Source data
—————

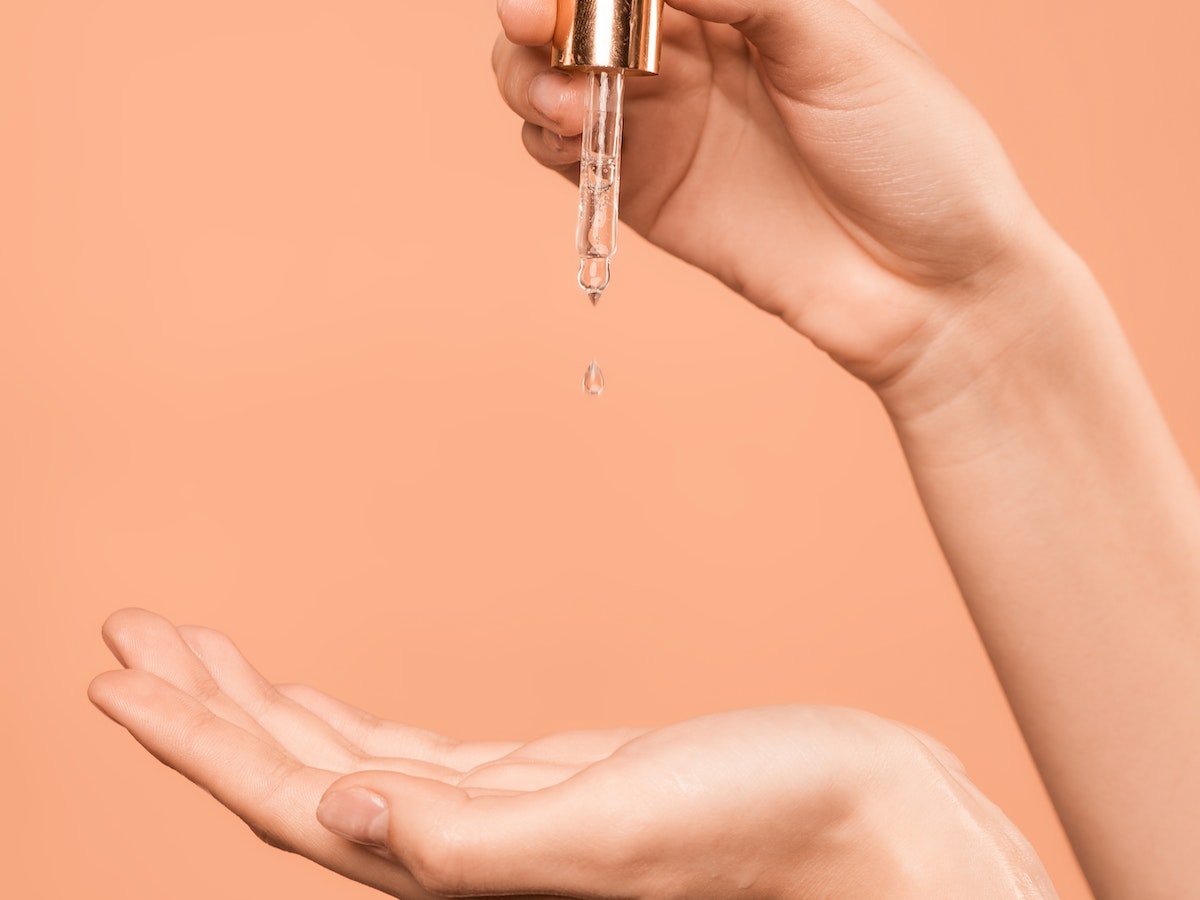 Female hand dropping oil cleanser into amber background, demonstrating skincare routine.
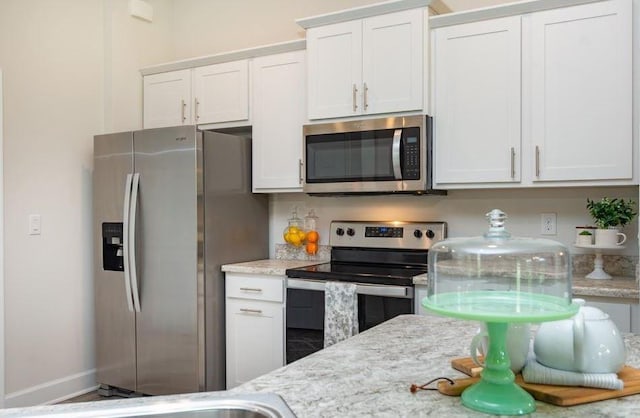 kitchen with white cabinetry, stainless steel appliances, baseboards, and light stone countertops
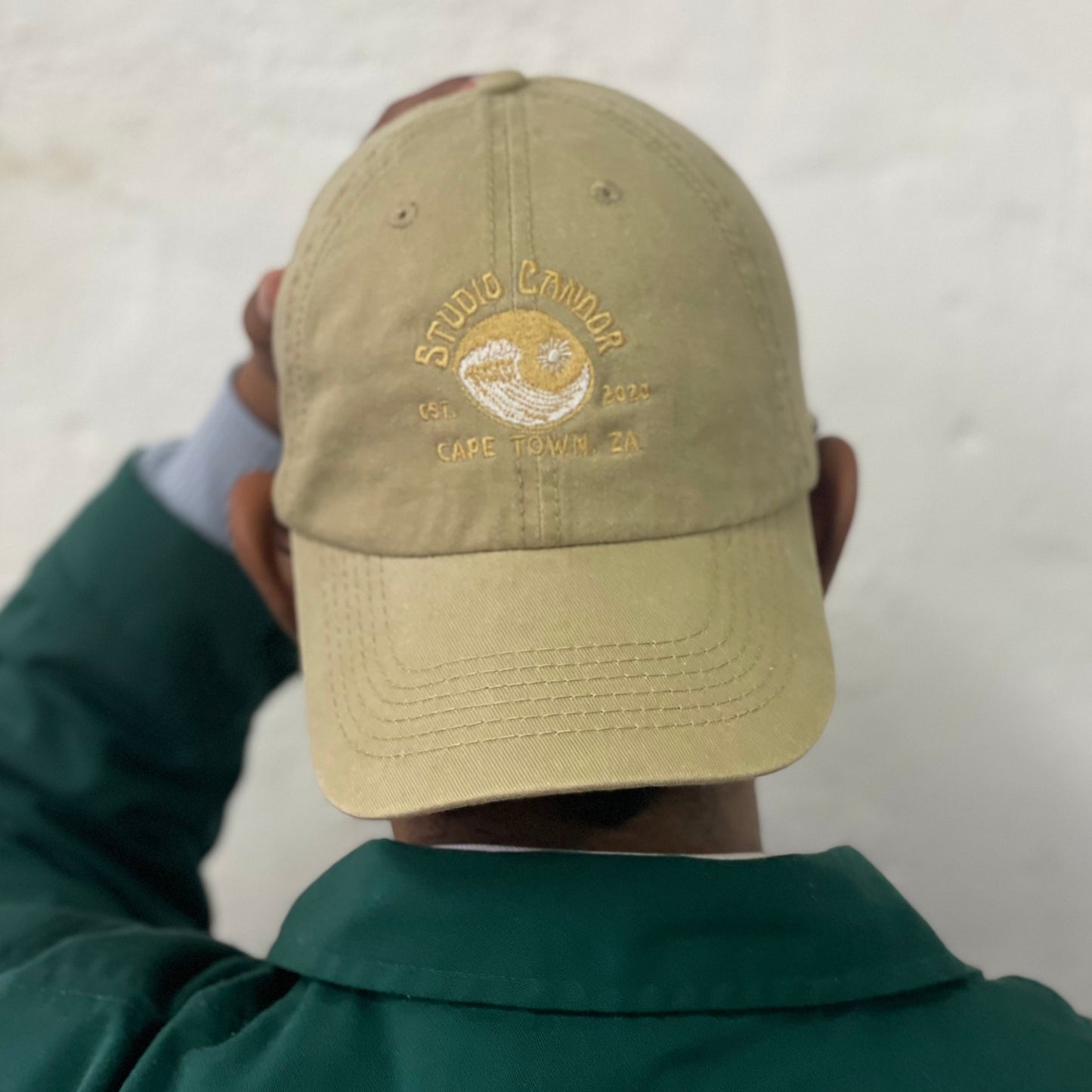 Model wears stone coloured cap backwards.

—————

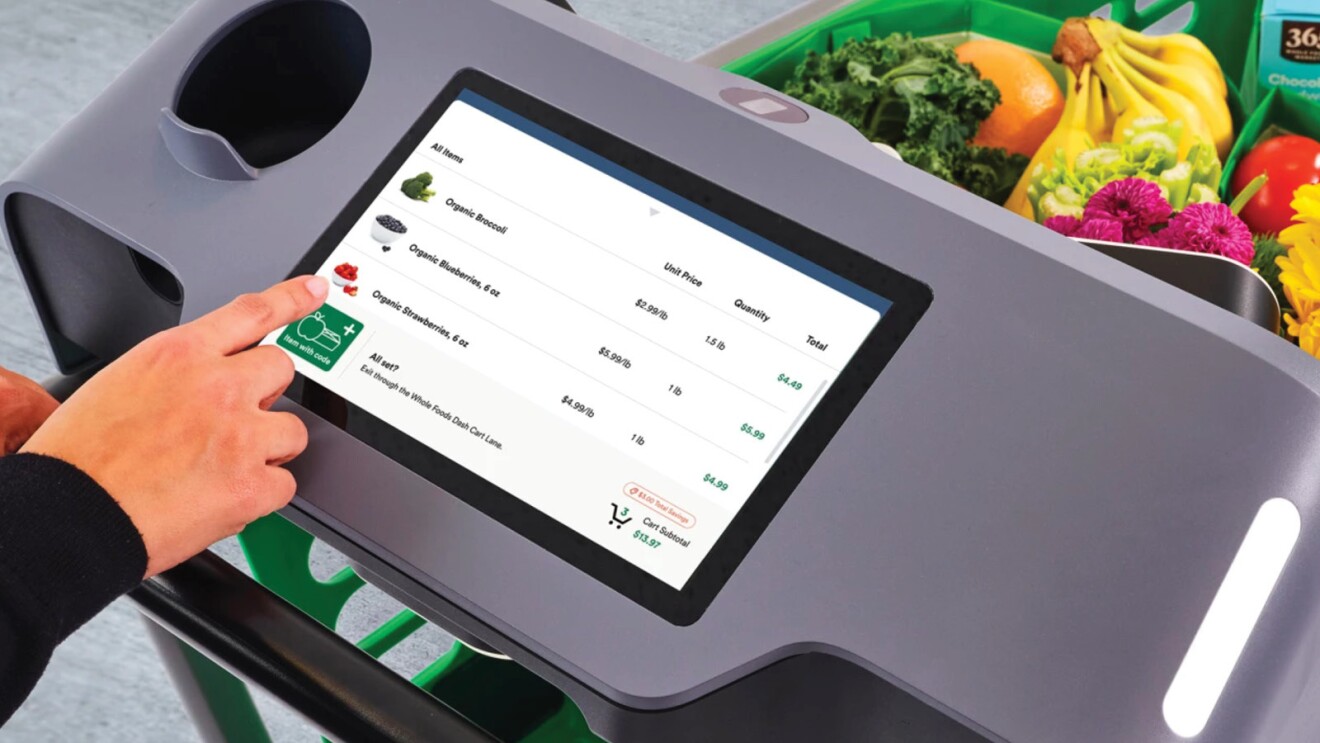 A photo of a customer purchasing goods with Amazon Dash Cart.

—————

Work item
Copy exactly the lines of the listing above between the one holding "Female hand dropping" and the one holding "Model wears stone coloured cap backwards.", inclusive; omit all pictures.

Result below
 Female hand dropping oil cleanser into amber background, demonstrating skincare routine.
 kitchen with white cabinetry, stainless steel appliances, baseboards, and light stone countertops
 Model wears stone coloured cap backwards.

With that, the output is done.